The strategy is built around seasonal storytelling rather than iconic imagery. Winter pushes Hokkaido skiing and onsen retreats. Summer promotes Okinawan beaches, mountain hiking, and matsuri festivals. Autumn goes beyond foliage to culinary experiences. Spring stays, but competes for attention rather than monopolising it. Content is being developed in twelve languages — up from seven — with dedicated streams for India, Southeast Asia, and Korea that are adapted for each market’s travel motivations rather than simply translated.

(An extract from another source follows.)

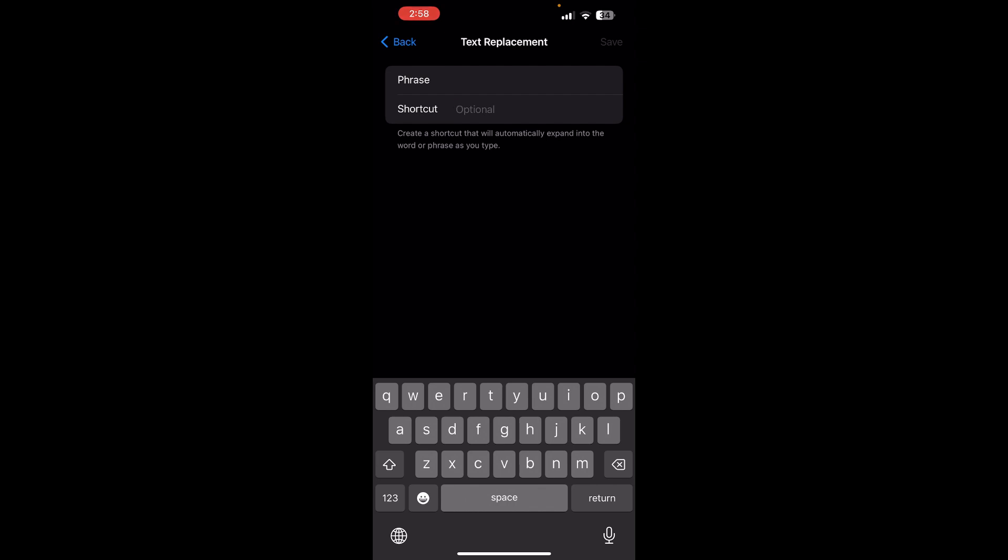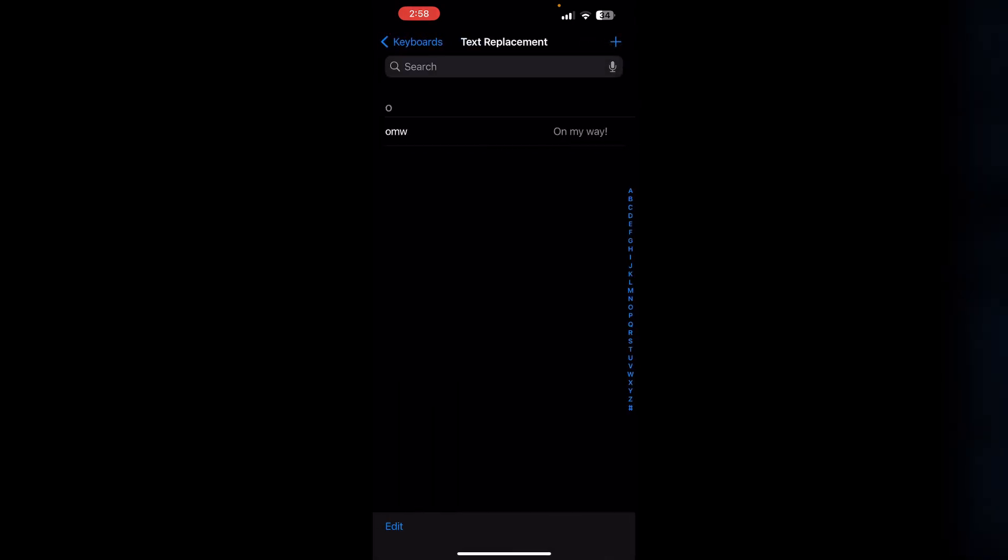To delete a shortcut, tap Edit in the bottom left and then tap the red minus icon next to the phrase you want to remove and confirm by selecting Delete.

  • India is now JNTO’s fastest-growing source market; the 315,100 arrivals in 2025 prompted a dedicated India outreach strategy with tailored content addressing vegetarian dining, family accommodation, and direct flight connectivity
  • Digital marketing budget increased 47% year-on-year to $42 million; the campaign runs primarily across Instagram, YouTube, and TikTok
  • The stated goal: shift off-season visitor distribution from 32% to 45% of total arrivals — a meaningful structural target, not just a positioning statement
  • User-generated content is central to the strategy — travellers are encouraged to document and share experiences, reducing reliance on produced advertising

“Unforgettable” is the kind of tagline that could mean everything or nothing, what makes it interesting is the distribution strategy behind it. Japan’s tourism challenge isn’t awareness; virtually everyone knows it exists. The challenge is overcrowding in predictable windows. A campaign that genuinely succeeds here isn’t one that makes more people want to visit cherry blossoms. It’s one that makes winter in Hokkaido or summer in Okinawa feel as desirable as April in Kyoto.